Department of Orthopedic Surgery, School of Medicine, Keio University, Tokyo, Japan.
Laboratory of Cell and Tissue Biology, School of Medicine, Keio University, Tokyo, Japan.
Am J Sports Med. 2021 Feb;49(2):332-339. doi: 10.1177/0363546520984122. Epub 2021 Jan 11.
The infiltration of fat tissue into skeletal muscle, a condition referred to as muscle fatty infiltration or fatty degeneration, is regarded as an irreversible event that significantly compromises the motor function of skeletal muscle.
To investigate the effect of retinoic acid receptor (RAR) agonists in suppressing the adipogenic differentiation of fibroadipogenic progenitors (FAPs) in vitro and fatty infiltration after rotator cuff tear in mice.
Controlled laboratory study.
FAPs isolated from mouse skeletal muscle were cultured in adipogenic differentiation medium in the presence or absence of an RAR agonist. At the end of cell culture, adipogenic differentiation was evaluated by gene expression analysis and oil red O staining. A mouse model of fatty infiltration-which includes the resection of the rotator cuff, removal of the humeral head, and denervation the supraspinatus muscle-was used to induce fatty infiltration in the supraspinatus muscle. The mice were orally or intramuscularly administered with an RAR agonist after the surgery. Muscle fatty infiltration was evaluated by histology and gene expression analysis.

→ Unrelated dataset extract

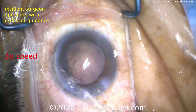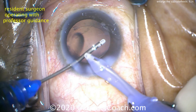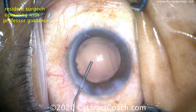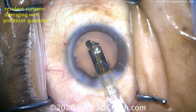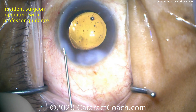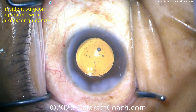Here's a beautiful 5mm rexis, and that looks great. Finishing up the case — a little bimanual irrigation aspiration to remove the lens cortex, polish up that lens capsule. This resident did a beautiful job. Filling the capsular bag now with cohesive viscoelastic. Here comes a single-piece acrylic lens going into the capsular bag. The way we enlarged that rexis kept it strong — there is no weak point. That's a beautiful overlap: 6mm optic, 5mm rexis. That looks beautiful.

RAR agonists effectively inhibited the adipogenic differentiation of FAPs in vitro. Oral and intramuscular administration of RAR agonists suppressed the development of muscle fatty infiltration in the mice after rotator cuff tear. In accordance, we found a significant decrease in the number of intramuscular fat cells and suppressed expression in adipogenic markers. RAR agonists also increased the expression of the transcripts for collagens; however, an accumulation of collagenous tissues was not histologically evident in the present model.

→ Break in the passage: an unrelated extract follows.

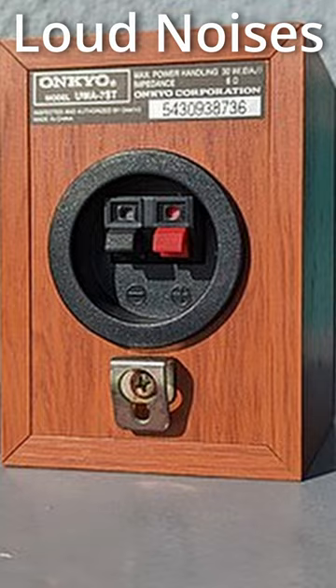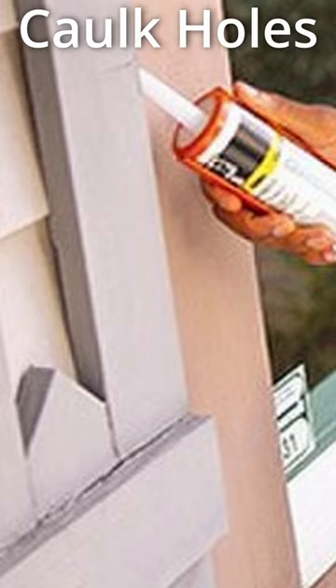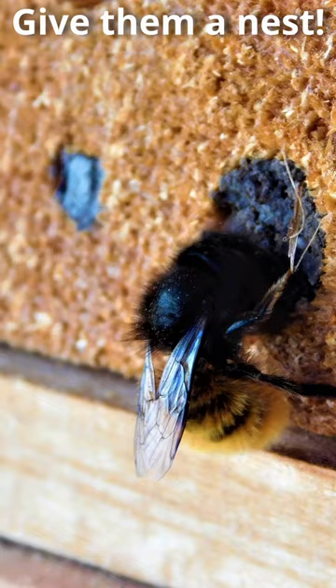Paint or varnish wood. In the beginning of August, caulk all the holes and the nest will be empty. Carpenter bees are lazy. Provide them with a nesting area away from your house.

Muscle fatty infiltration can be alleviated by RAR agonists through suppressing the adipogenic differentiation of FAPs. The results also suggest that RAR agonists are potential therapeutic agents for treating patients who are at risk of developing muscle fatty infiltration. The consequence of the increased expression of collagen transcripts by RAR agonists needs to be clarified.
RAR agonists can be used to prevent the development of muscle fatty infiltration after rotator cuff tear. Nevertheless, further studies are mandatory in a large animal model to examine the safety and efficacy of intramuscular injection of RAR agonists.

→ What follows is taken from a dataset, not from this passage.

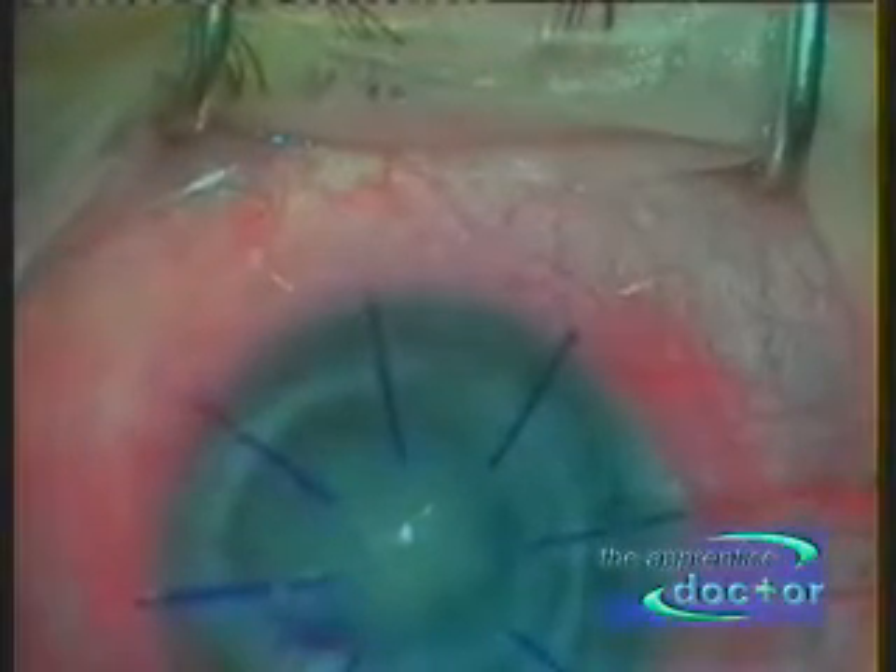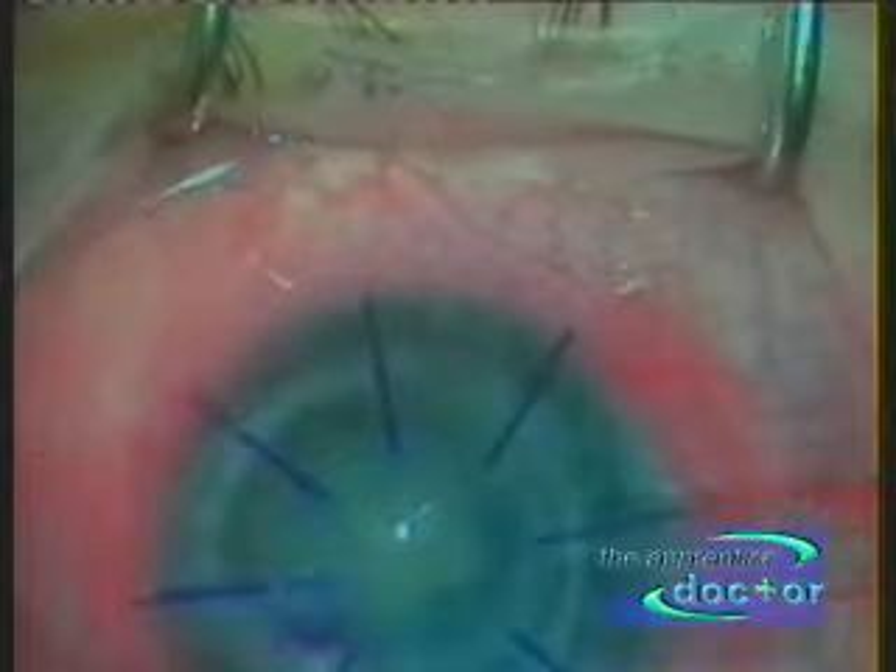The eye surgeon starts by carefully measuring the dimensions of the diseased cornea. This star-shaped apparatus leaves temporary markings on the surface of the eye to guide the surgeon during the procedure, especially when suturing.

脂肪组织浸润骨骼肌,这种情况被称为肌肉脂肪浸润或脂肪变性,被认为是一种不可逆的事件,会显著损害骨骼肌的运动功能。
研究维 A 酸受体(RAR)激动剂在体外抑制纤维脂肪祖细胞(FAP)成脂分化以及抑制小鼠肩袖撕裂后脂肪浸润的作用。
对照实验室研究。
从鼠骨骼肌中分离出 FAP,在存在或不存在 RAR 激动剂的情况下,在成脂分化培养基中培养。细胞培养结束时,通过基因表达分析和油红 O 染色评估成脂分化。采用肩袖切除、肱骨头去除和冈上肌去神经支配的小鼠模型,诱导冈上肌脂肪浸润。手术后,通过口服或肌肉内给予 RAR 激动剂。通过组织学和基因表达分析评估肌肉脂肪浸润。
RAR 激动剂可有效抑制 FAP 的体外成脂分化。口服和肌肉内给予 RAR 激动剂可抑制肩袖撕裂后小鼠肌肉脂肪浸润的发展。相应地,我们发现肌肉内脂肪细胞数量减少,脂肪生成标志物表达受到抑制。RAR 激动剂还增加了胶原蛋白转录物的表达;然而,在本模型中,组织学上没有胶原组织的积累。
通过抑制 FAP 的成脂分化,RAR 激动剂可减轻肌肉脂肪浸润。结果还表明,RAR 激动剂可能是治疗有发生肌肉脂肪浸润风险的患者的潜在治疗药物。RAR 激动剂增加胶原蛋白转录物表达的后果需要进一步阐明。
RAR 激动剂可用于预防肩袖撕裂后肌肉脂肪浸润的发生。然而,在大型动物模型中,仍需要进一步研究以检查 RAR 激动剂肌肉内注射的安全性和有效性。